There is 6g of (+) rotation species and 4g of (-) rotation species. The 4g of (-) rotation species will cancel the effect of 4g of (+) rotation species. So there will be an excess of 6-4= 2g (+) rotation species left.
Enantiomeric excess= (Excess species)/(Total sample) x 100 = [2/(6+4)] x 100 = 20%

To calculate the enantiomeric excess (ee) of a mixture, we need to determine the difference in the amounts of the two enantiomers present. In this case, we have a mixture containing 6g of (+) 2-butanol and 4g of (-) 2-butanol.

Step 1: Determine the molar masses of the enantiomers
The molar mass of 2-butanol is 74.12 g/mol.

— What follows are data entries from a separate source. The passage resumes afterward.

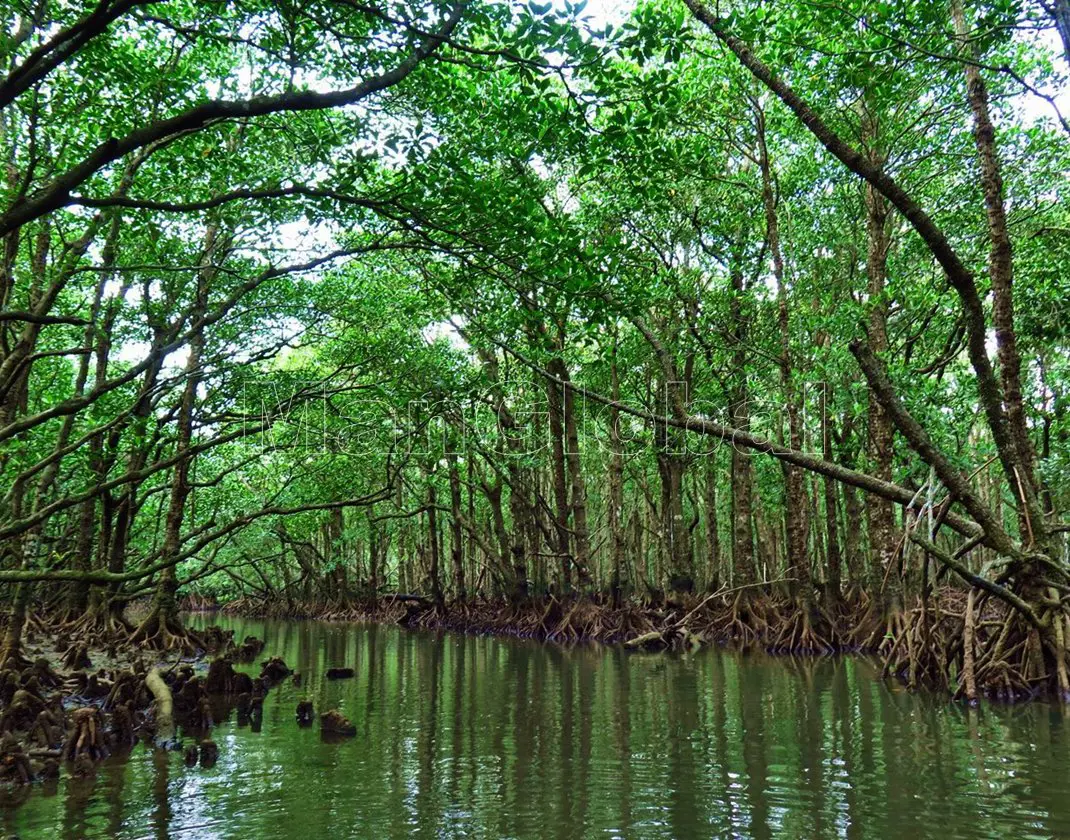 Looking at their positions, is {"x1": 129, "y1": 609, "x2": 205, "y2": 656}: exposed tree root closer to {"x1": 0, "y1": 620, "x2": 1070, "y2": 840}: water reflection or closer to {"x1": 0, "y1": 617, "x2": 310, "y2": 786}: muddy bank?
{"x1": 0, "y1": 617, "x2": 310, "y2": 786}: muddy bank

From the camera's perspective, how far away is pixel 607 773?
582 centimetres

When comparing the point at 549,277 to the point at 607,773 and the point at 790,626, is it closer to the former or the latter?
the point at 607,773

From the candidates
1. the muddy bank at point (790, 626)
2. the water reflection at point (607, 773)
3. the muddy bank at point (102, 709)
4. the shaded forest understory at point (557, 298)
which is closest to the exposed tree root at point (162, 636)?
the shaded forest understory at point (557, 298)

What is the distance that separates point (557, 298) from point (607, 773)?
3811mm

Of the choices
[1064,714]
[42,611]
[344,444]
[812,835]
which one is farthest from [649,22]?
[42,611]

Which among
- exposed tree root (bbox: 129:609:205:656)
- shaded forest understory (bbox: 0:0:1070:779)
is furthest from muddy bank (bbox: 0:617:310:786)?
exposed tree root (bbox: 129:609:205:656)

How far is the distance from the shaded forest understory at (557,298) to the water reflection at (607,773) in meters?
1.53

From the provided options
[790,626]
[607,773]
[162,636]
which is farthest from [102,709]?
[790,626]

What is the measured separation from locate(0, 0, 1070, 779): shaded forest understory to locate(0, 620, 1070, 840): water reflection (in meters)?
1.53

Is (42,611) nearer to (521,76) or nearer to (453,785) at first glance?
(453,785)

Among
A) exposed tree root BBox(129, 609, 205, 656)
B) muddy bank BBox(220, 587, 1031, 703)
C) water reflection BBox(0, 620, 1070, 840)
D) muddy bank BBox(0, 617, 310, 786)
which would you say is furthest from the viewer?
exposed tree root BBox(129, 609, 205, 656)

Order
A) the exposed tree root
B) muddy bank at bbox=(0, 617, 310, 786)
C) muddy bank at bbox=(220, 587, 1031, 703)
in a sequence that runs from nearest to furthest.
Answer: muddy bank at bbox=(0, 617, 310, 786) < muddy bank at bbox=(220, 587, 1031, 703) < the exposed tree root

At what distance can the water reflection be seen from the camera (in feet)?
15.4

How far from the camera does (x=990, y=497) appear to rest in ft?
77.8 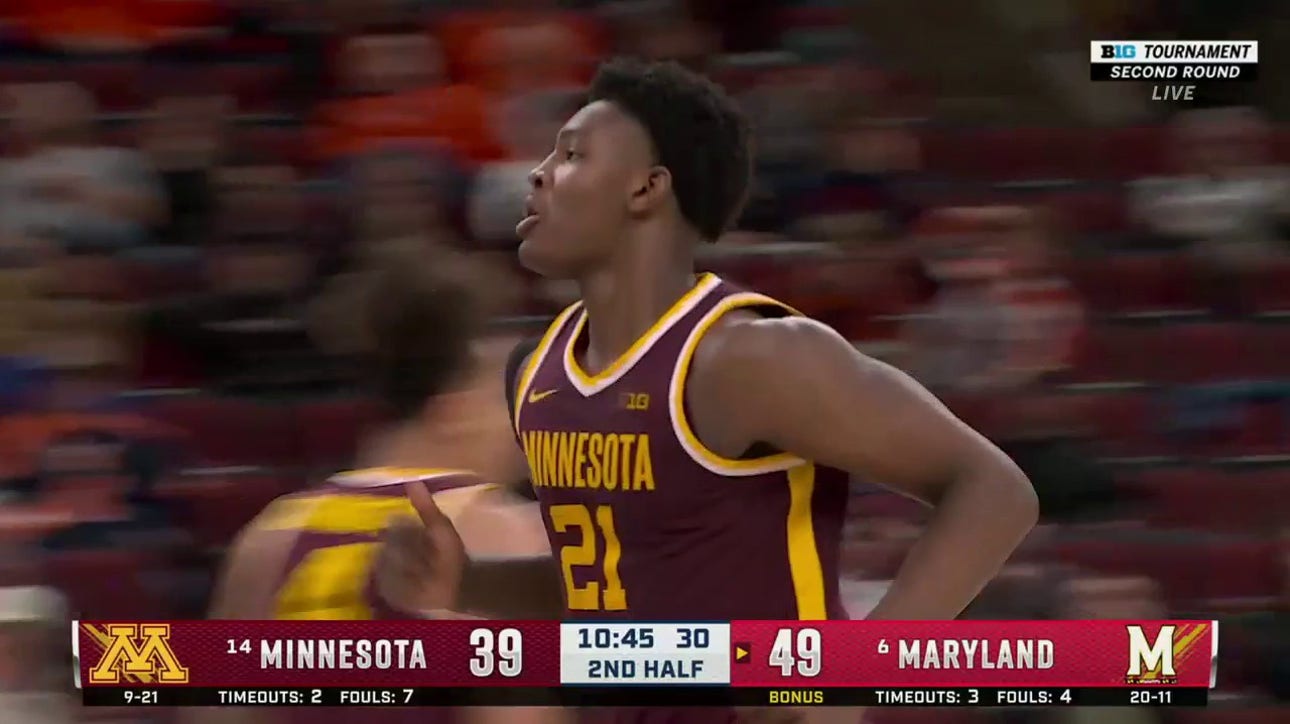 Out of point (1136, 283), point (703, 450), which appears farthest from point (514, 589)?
point (1136, 283)

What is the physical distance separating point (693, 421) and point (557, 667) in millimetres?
544

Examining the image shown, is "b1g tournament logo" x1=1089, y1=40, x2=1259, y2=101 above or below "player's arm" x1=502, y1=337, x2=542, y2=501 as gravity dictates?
above

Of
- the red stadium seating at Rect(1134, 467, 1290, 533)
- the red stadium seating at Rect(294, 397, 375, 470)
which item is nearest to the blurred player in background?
the red stadium seating at Rect(294, 397, 375, 470)

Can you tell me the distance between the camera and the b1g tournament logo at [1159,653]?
247 centimetres

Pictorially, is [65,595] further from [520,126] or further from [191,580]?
[520,126]

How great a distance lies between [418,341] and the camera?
228 centimetres

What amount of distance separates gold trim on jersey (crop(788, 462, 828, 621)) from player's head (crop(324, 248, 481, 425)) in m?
0.49

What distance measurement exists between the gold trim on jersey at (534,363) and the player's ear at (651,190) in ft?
0.46

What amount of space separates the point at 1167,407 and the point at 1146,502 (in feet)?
0.76

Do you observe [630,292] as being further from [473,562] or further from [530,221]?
[473,562]

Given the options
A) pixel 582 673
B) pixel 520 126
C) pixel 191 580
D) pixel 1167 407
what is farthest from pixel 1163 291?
pixel 191 580

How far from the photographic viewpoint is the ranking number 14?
2.21m

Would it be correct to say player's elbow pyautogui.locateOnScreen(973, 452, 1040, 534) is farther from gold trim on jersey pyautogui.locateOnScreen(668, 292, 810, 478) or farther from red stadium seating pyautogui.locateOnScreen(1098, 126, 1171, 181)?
red stadium seating pyautogui.locateOnScreen(1098, 126, 1171, 181)

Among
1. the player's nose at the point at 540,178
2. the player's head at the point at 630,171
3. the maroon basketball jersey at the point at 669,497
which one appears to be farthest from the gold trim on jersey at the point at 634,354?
the player's nose at the point at 540,178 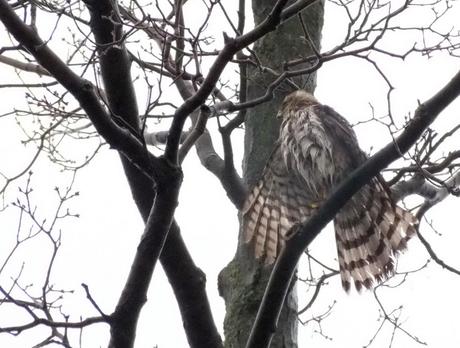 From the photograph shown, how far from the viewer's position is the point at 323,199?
479 cm

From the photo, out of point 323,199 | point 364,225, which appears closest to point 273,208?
point 323,199

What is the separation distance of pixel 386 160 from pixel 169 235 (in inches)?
39.6

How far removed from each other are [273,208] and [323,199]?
1.10 feet

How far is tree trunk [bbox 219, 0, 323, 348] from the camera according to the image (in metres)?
3.84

Step 2: Calculate the moles of each enantiomer
Moles = Mass / Molar mass

For (+) 2-butanol:
Moles of (+) 2-butanol = 6g / 74.12 g/mol

For (-) 2-butanol:
Moles of (-) 2-butanol = 4g / 74.12 g/mol

Step 3: Calculate the total moles of both enantiomers
Total moles = Moles of (+) 2-butanol + Moles of (-) 2-butanol

Step 4: Calculate the enantiomeric excess
Enantiomeric excess = (Moles of (+) 2-butanol - Moles of (-) 2-butanol) / Total moles * 100

Let's now plug in the values and calculate the enantiomeric excess:

Moles of (+) 2-butanol = 6g / 74.12 g/mol = 0.081 mol
Moles of (-) 2-butanol = 4g / 74.12 g/mol = 0.054 mol
Total moles = 0.081 mol + 0.054 mol = 0.135 mol

Enantiomeric excess = (0.081 mol - 0.054 mol) / 0.135 mol * 100 = 20%

Therefore, the enantiomeric excess of the mixture is 20%, which corresponds to option b.

In conclusion, the enantiomeric excess of a mixture containing 6g of (+) 2-butanol and 4g of (-) 2-butanol is 20%. This means that there is a 20% excess of one enantiomer over the other in the mixture.